* [EXERCISE INSTRUCTIONS]: Starting with the line that contains "Cyflymder summer inspo" and stopping after the line that contains "Dilvin 71530 Pileli", return each line below exactly as written, with no others.

Short web captions:
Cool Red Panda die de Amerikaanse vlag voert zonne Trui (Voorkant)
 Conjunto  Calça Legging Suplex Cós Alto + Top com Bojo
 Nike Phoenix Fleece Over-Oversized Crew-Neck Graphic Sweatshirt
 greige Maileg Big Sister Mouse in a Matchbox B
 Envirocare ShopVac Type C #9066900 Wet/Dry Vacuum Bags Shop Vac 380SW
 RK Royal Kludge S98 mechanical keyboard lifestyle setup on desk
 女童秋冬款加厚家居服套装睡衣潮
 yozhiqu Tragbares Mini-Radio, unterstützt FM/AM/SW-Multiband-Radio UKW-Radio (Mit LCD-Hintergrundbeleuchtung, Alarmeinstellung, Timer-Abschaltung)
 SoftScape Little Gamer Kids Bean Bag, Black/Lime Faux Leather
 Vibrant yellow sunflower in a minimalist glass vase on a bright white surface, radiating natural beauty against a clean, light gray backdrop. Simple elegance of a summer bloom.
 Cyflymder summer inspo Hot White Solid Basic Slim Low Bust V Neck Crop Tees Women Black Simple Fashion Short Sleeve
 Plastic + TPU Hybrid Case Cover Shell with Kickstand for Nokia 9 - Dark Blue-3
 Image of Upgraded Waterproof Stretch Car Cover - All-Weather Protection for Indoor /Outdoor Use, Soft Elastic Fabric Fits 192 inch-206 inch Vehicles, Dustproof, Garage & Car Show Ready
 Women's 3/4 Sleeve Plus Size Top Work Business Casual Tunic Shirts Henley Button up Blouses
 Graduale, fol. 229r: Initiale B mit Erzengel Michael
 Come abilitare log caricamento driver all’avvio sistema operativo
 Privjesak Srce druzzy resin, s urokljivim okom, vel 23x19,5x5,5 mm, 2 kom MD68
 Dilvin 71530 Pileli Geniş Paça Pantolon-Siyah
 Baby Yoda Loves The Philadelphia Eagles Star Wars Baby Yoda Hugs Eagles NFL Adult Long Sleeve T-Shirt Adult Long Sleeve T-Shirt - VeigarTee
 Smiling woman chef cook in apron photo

* [TASK RESPONSE]:
 Cyflymder summer inspo Hot White Solid Basic Slim Low Bust V Neck Crop Tees Women Black Simple Fashion Short Sleeve
 Plastic + TPU Hybrid Case Cover Shell with Kickstand for Nokia 9 - Dark Blue-3
 Image of Upgraded Waterproof Stretch Car Cover - All-Weather Protection for Indoor /Outdoor Use, Soft Elastic Fabric Fits 192 inch-206 inch Vehicles, Dustproof, Garage & Car Show Ready
 Women's 3/4 Sleeve Plus Size Top Work Business Casual Tunic Shirts Henley Button up Blouses
 Graduale, fol. 229r: Initiale B mit Erzengel Michael
 Come abilitare log caricamento driver all’avvio sistema operativo
 Privjesak Srce druzzy resin, s urokljivim okom, vel 23x19,5x5,5 mm, 2 kom MD68
 Dilvin 71530 Pileli Geniş Paça Pantolon-Siyah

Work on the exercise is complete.